Outro dia, em Natal/RN, cascavilhando as livrarias católicas da Cidade Alta, acabei adquirindo uma edição de bolso de “Filoteia, ou introdução à vida devota” (Editora Vozes, 2021), do grande São Francisco de Sales. Ando, vez por outra, xeretando o pequeno grande livro.
Para quem não sabe – e é fundamental não confundir os vários santos Franciscos, o de Assis, o de Paula, o Xavier e por aí vai –, “São Francisco de Sales nasceu aos 21 de agosto de 1567. Foi ordenado sacerdote em 1593 e em 1602 foi consagrado bispo de Genebra, onde trabalhou até sua morte. Faleceu em 1622, com 55 anos de idade. Foi canonizado em 1665 pelo Papa Alexandre VII, e nomeado Doutor da Igreja por Pio IX. Em 1923 Pio XI o declarou Padroeiro da Boa Imprensa e dos jornalistas católicos”. Li isso já na contracapa do meu exemplar.
Filoteia é um livro que carrega muita sabedoria, embora escrito há vários séculos e por um homem cuja fé em seu Deus condicionava sempre o sentido dos seus próprios juízos. É um livro que devemos ler hoje adaptando às nossas circunstâncias de tempo e lugar, claro.
Peguemos logo dele um exemplo marcadamente jurídico, que gira em torno da passagem bíblica “Não julgueis, e não sereis julgados; não condeneis, e não sereis condenados” (Lucas 6:37). Quanto a ela, afirma São Francisco de Sales: “Oh! Quantos juízos temerários desagradam a Deus!
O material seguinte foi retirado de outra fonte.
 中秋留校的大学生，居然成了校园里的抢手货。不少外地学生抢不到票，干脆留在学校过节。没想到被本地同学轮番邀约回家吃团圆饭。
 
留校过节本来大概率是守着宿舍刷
São temerários os juízos dos filhos dos homens, porque não são juízes uns dos outros, e, julgando, arrogam-se o direito e o ofício do Nosso Senhor”. E mais até: “Então nunca podemos julgar o próximo? Nunca, Filoteia; mesmo nas sentenças do tribunal humano é Deus quem julga. É verdade que são os juízes que aí aparecem e fulminam a sentença, mas eles são apenas os ministros e intérpretes de Deus e nunca devem pronunciar um juízo que não seja segundo a sua lei, e suas sentenças são os seus próprios oráculos”.
Esses “juízes dos tribunais humanos” nunca devem se afastar da lei de Deus, “seguindo suas paixões”, é o que recomenda o santo, até para não serem, eles próprios, os juízes, também julgados. Se substituirmos Deus por Constituição/Legislação, que lição de direito temos. Meditemos! Todos!
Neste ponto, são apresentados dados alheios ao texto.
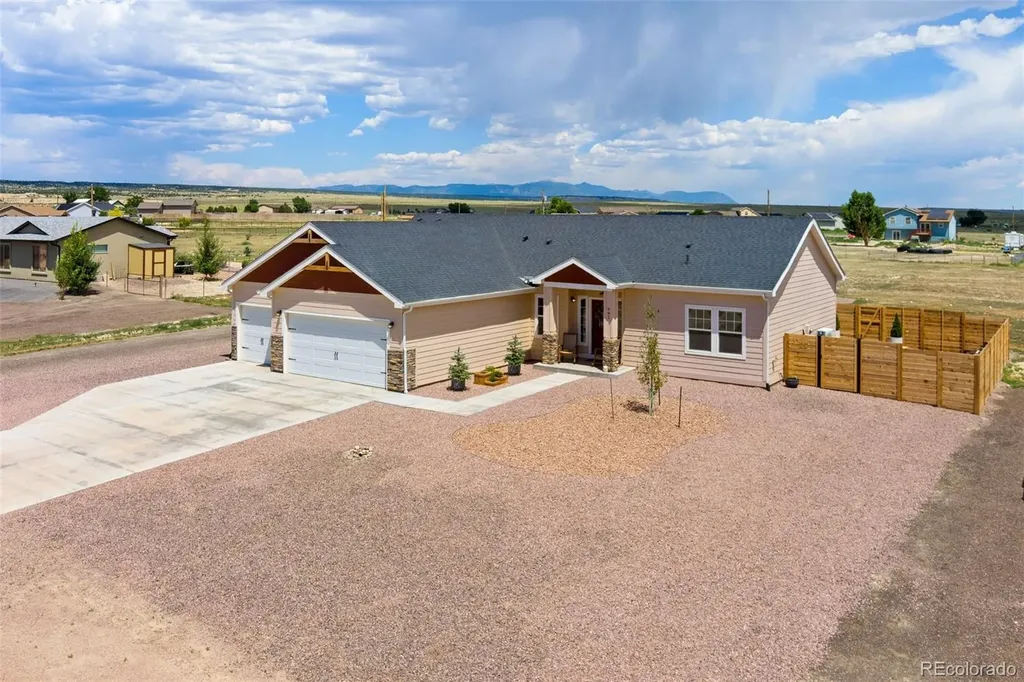 981 E Blackstone Drive Pueblo CO 81007
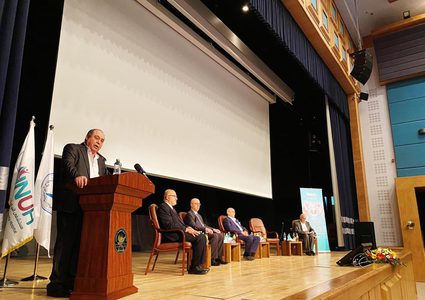 محافظ نابلس يشارك في حفل وضع حجر أساس مركز علاج أمراض الكلى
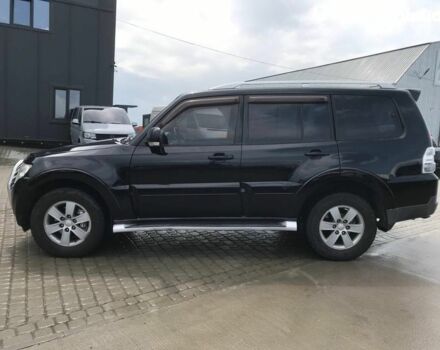 Черный Мицубиси Паджеро, объемом двигателя 3.2 л и пробегом 330 тыс. км за 12790 $, фото 5 на Automoto.ua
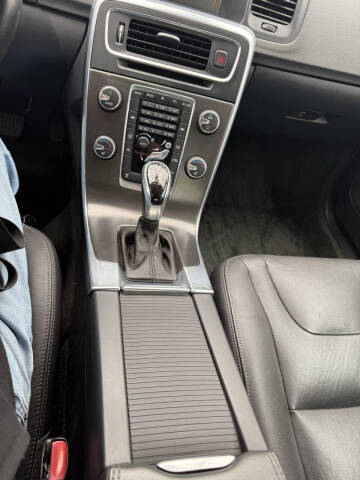 2015 Volvo S60 T5 Drive-E Premier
Eis mais um trecho de Filoteia, que também se relaciona com o direito, desta feita interpretando a passagem bíblica “do argueiro no olho do próximo e da trave no nosso” (Mateus 7:3-5), uma das famosas denúncias à hipocrisia/injustiça humana:
“Nós costumamos acusar o próximo pelas menores faltas cometidas e a nós mesmos nos escusamos de outras muito grandes. Queremos vender muito caro e comprar o mais barato possível. Queremos que se faça injustiça a outros e que se façam graças a nós. Queremos que interpretem as nossas palavras benevolentemente e com o que nos dizem somos suscetíveis em excesso. (…). Defendemos com acurada exatidão os nossos direitos e queremos que os outros, quanto aos seus, sejam muito condescendentes. Mantemos os nossos lugares caprichosamente e queremos que os outros cedam os seus humildemente. Queixamo-nos facilmente de tudo e não queremos que ninguém se queixe de nós. Os benefícios ao próximo sempre nos parecem muitos, mas os que os outros nos fazem reputamos em nada. Numa palavra: nós temos dois corações, como as perdizes da Plafagônia; um, doce, caridoso e complacente para tudo que nos diz respeito, e outro – duro, severo e rigoroso para com o próximo. Temos duas medidas, uma para medir as nossas comodidades em nosso proveito e outra para medir as do próximo, igualmente em nosso proveito”.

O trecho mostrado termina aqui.